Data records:
========
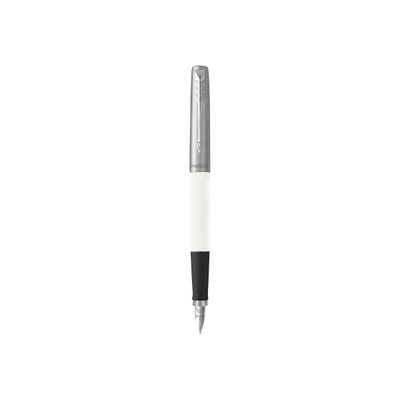 3026980968717-Parker Jotter Original - Stylo plume blanc - pointe moyenne-Avant-0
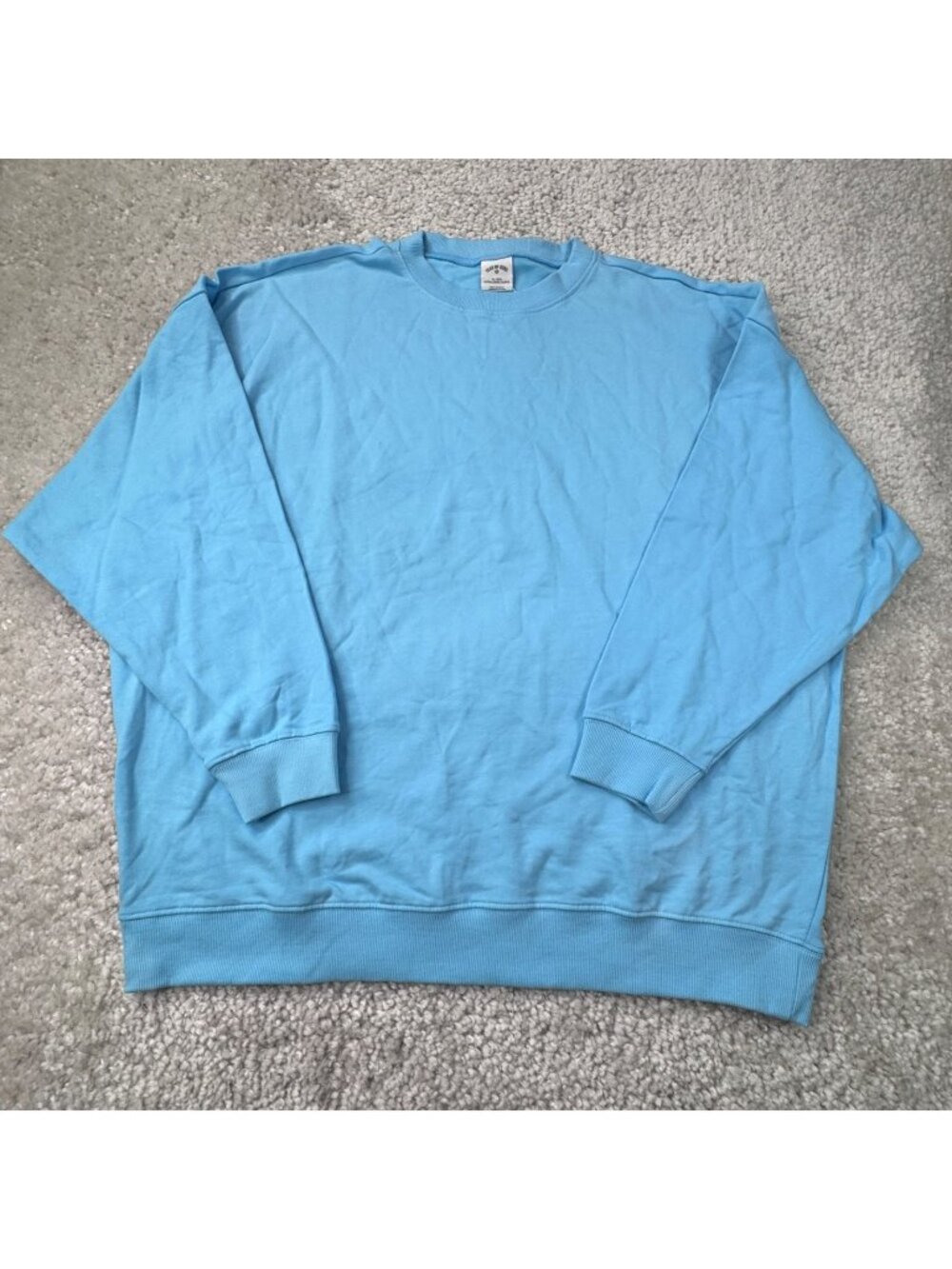 Years Of Ours Crewneck Sweatshirt Oversized Fit Sky Blue Womens XL/2XL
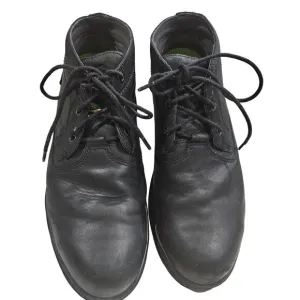 Red Wing Safety Boots Black Leather Size 9.5D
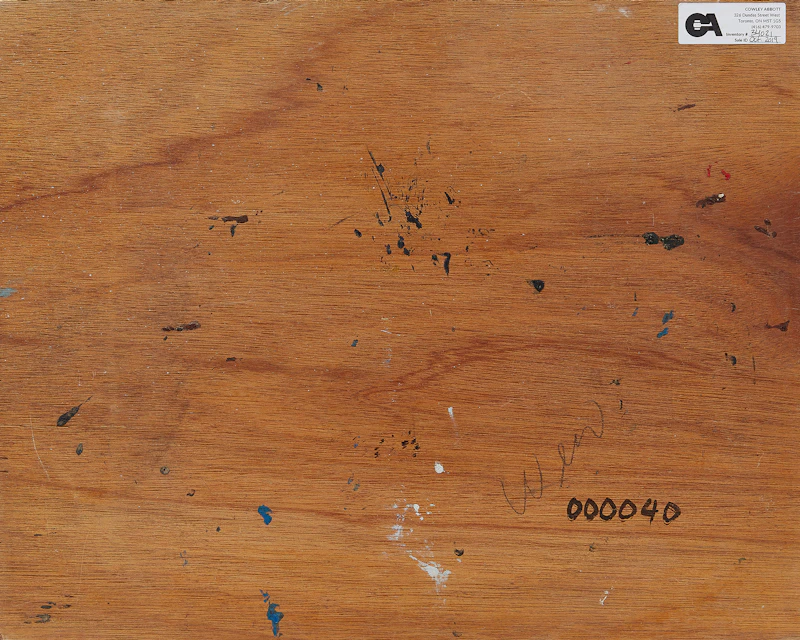 Bert Weir, Moons, Essex County , oil on board, circa 1960s - view 2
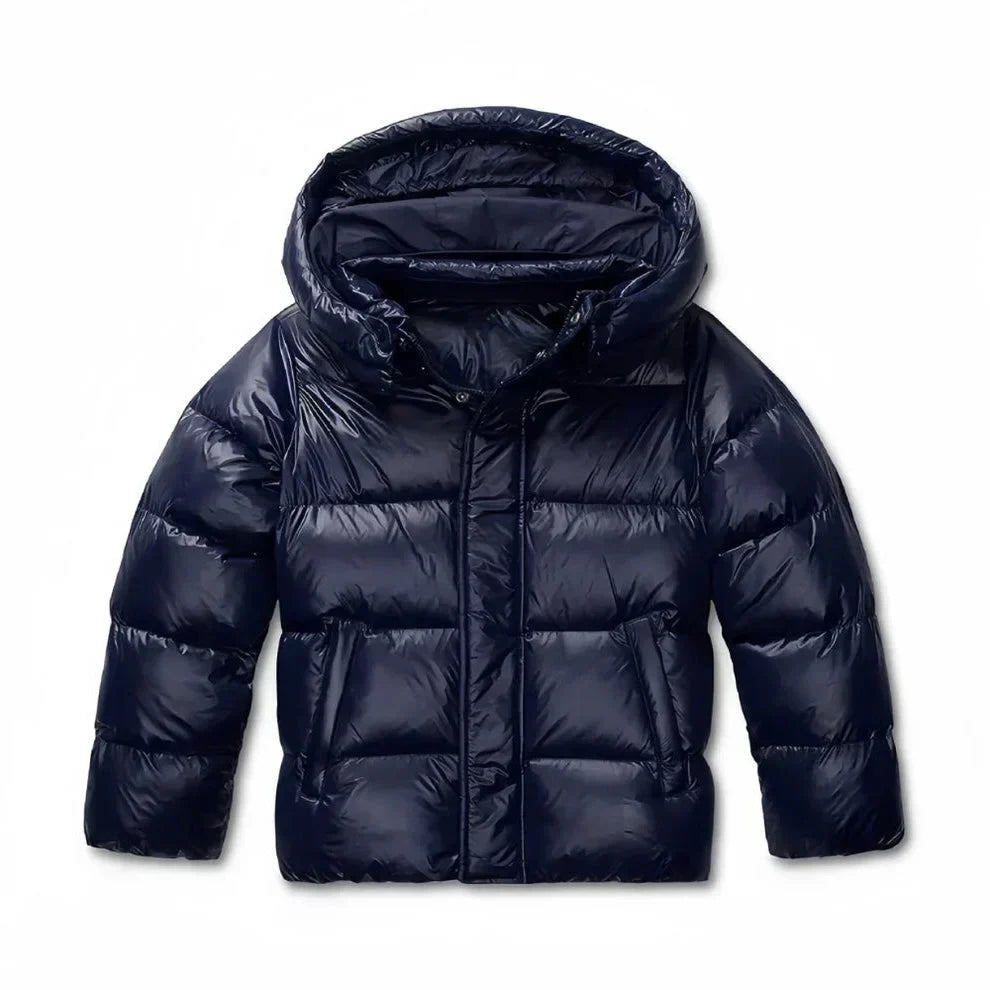 Women's Lightweight Quilted Hooded Jacket with Glossy Finish 5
========
Although the records hold pictures, return only what remains, word for word.

FINISHED TASK
 3026980968717-Parker Jotter Original - Stylo plume blanc - pointe moyenne-Avant-0
 Years Of Ours Crewneck Sweatshirt Oversized Fit Sky Blue Womens XL/2XL
 Red Wing Safety Boots Black Leather Size 9.5D
 Bert Weir, Moons, Essex County , oil on board, circa 1960s - view 2
 Women's Lightweight Quilted Hooded Jacket with Glossy Finish 5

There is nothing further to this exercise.